# Anyone using cooking oil for fuel (greasecar com)



## latitude500 (Jan 1, 2015)

I've been using cooking oil / WVO for a fuel (not biodiesel) for about 9 years in my diesels. You will need a grease kit, like a greasecar kit to be install in your car and it still needs to start up and be turned off on diesel. But I was wondering if anyone else is using a grease kits like this to cut your fuel bill. All you have to do is pay your road tax to the IRA and your good. Is fuel cost a problem for people, does it eat into your profit?

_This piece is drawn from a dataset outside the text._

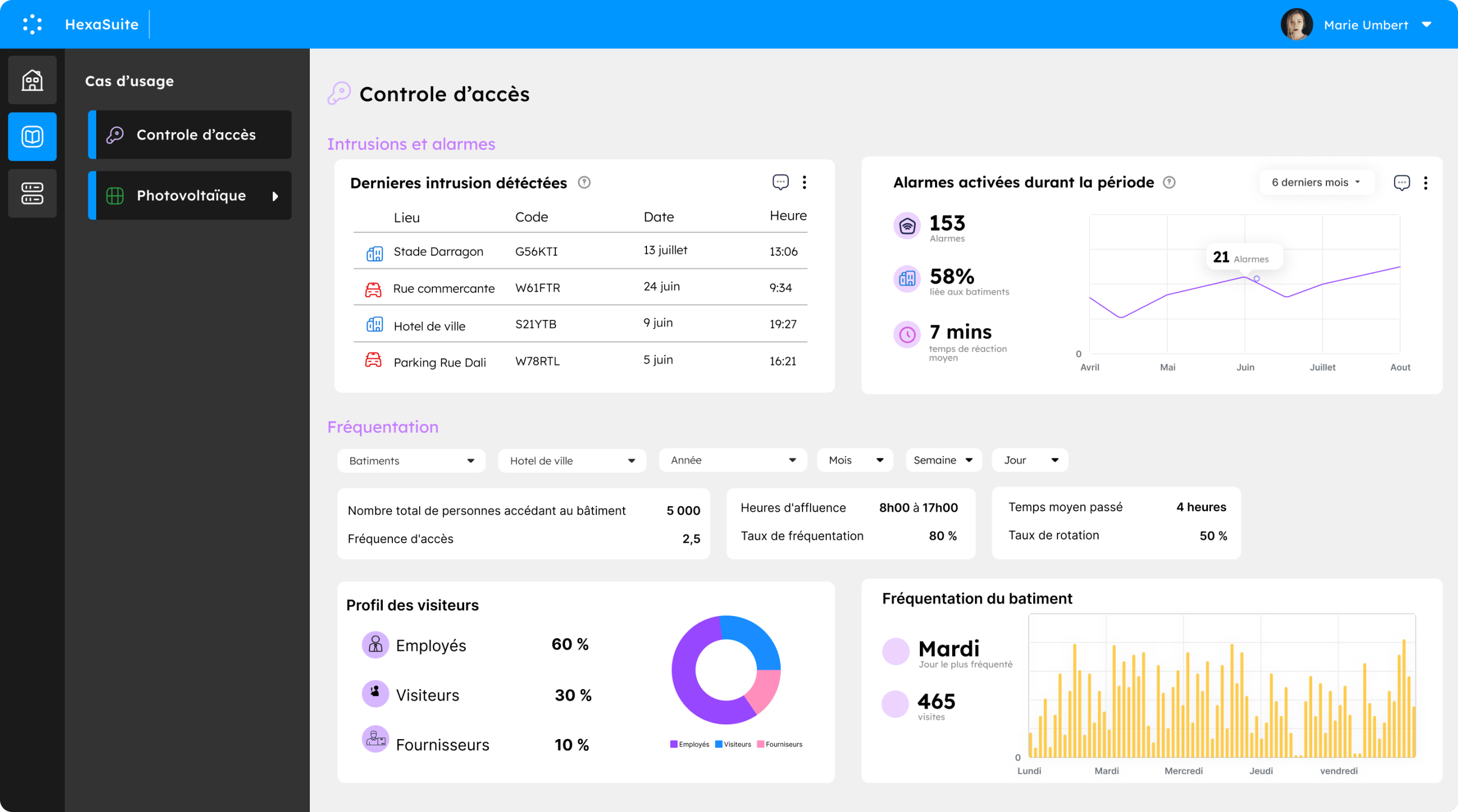 Transformez vos indicateurs en leviers de pilotage, d’optimisation et de transformation.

I can't be the only one right.


----------



## as1989LDN (Aug 16, 2014)

Untill the latest common rail diesels many cab drivers have been known to use chip fat oil for their fuel.

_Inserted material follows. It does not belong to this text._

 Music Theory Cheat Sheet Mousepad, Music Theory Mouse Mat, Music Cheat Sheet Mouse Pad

Modern diesels fuel pumps get buggered due to lack if lubrication now so it's not good for the car.


----------



## Long time Nyc cab driver (Dec 12, 2014)

latitude500 said:


> I've been using cooking oil / WVO for a fuel (not biodiesel) for about 9 years in my diesels. You will need a grease kit, like a greasecar kit to be install in your car and it still needs to start up and be turned off on diesel. But I was wondering if anyone else is using a grease kits like this to cut your fuel bill. All you have to do is pay your road tax to the IRA and your good. Is fuel cost a problem for people, does it eat into your profit?
> 
> I can't be the only one right.


I've got a feeling you have kits for sale.


----------



## AMBUDRIVER03 (Jul 1, 2014)

I have 2 diesels, and do not run biodiesel in the truck anymore, not cost effective to do when diesel is below $4/gal.

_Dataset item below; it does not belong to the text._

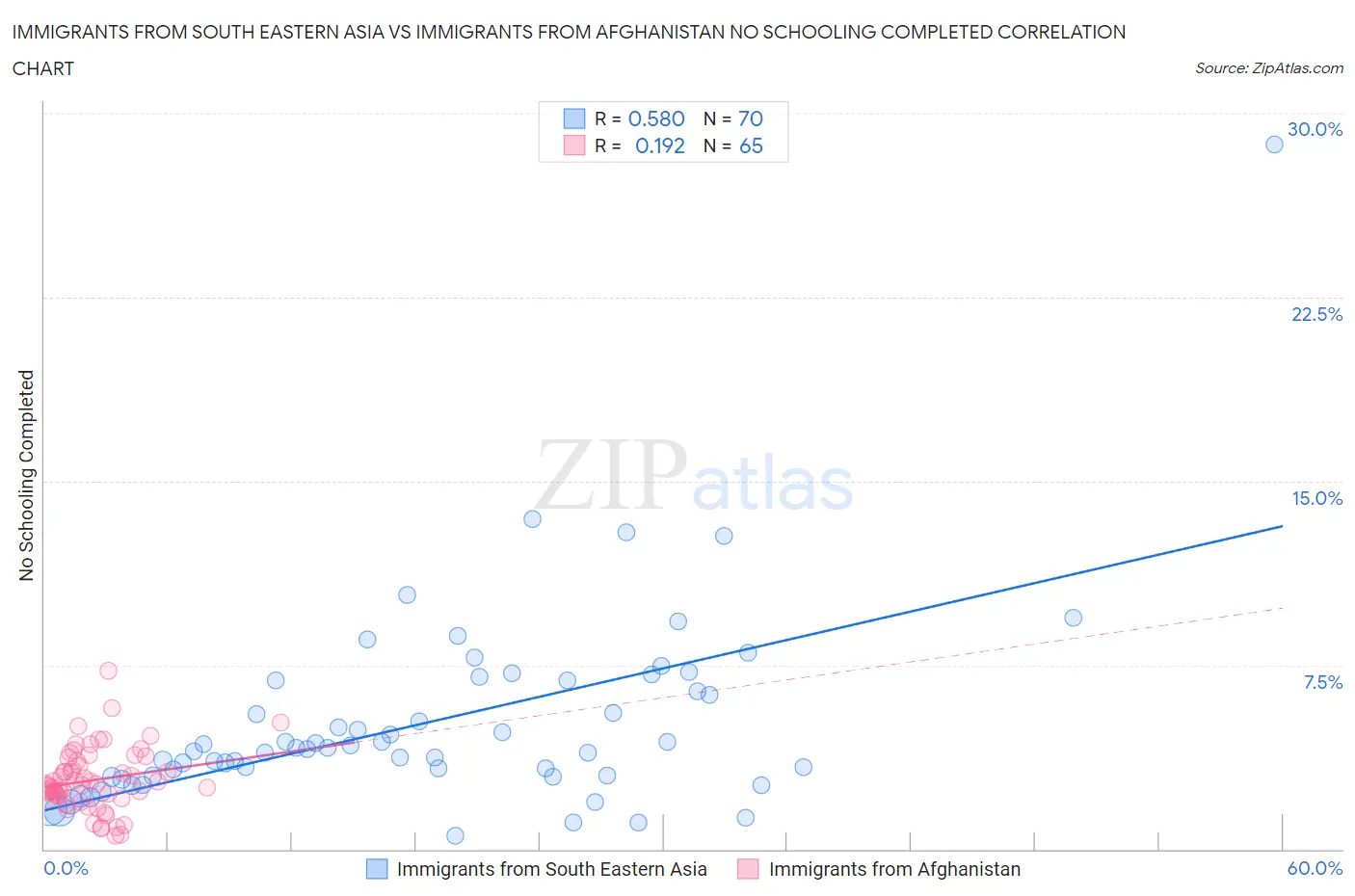 Immigrants from South Eastern Asia vs Immigrants from Afghanistan No Schooling Completed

That being said, I have about 350 gals of WVO and 40 gals of methanol in drums in my backyard.


----------



## AMBUDRIVER03 (Jul 1, 2014)

AMBUDRIVER03 said:


> I have 2 diesels, and do not run biodiesel in the truck anymore, not cost effective to do when diesel is below $4/gal.
> 
> That being said, I have about 350 gals of WVO and 40 gals of methanol in drums in my backyard.


My 2014 Passat TDI has only ever had DinoDiesel... Not worth voiding the warranty over.


----------



## OCBob (Jan 20, 2015)

Cooking oil cars stink so badly why would you put that through to a rider?


----------



## troubleinrivercity (Jul 27, 2014)

This must be done absolutely perfectly to avoid destroying your nice new TDI. You won’t do it like that, and will destroy your nice new TDI. Buy some ****ing diesel. Everyone slinging this stuff on the tdiforums gets banned because they’re not on the up and up.


----------



## AMBUDRIVER03 (Jul 1, 2014)

troubleinrivercity said:


> This must be done absolutely perfectly to avoid destroying your nice new TDI. You won't do it like that, and will destroy your nice new TDI. Buy some ****ing diesel. Everyone slinging this stuff on the tdiforums gets banned because they're not on the up and up.


True story... HPCR Diesel (High Pressure Common Rail) engines do NOT like the higher viscosity veggie oil, even when it's thinned out due to heating...

Right now with 87 octane hovering around $2/gallon and #2 Diesel around 2.40-2.60/gallon there's no financial incentive to ruin your car.

My TDI has never had anything except pump diesel, and probably never will.


----------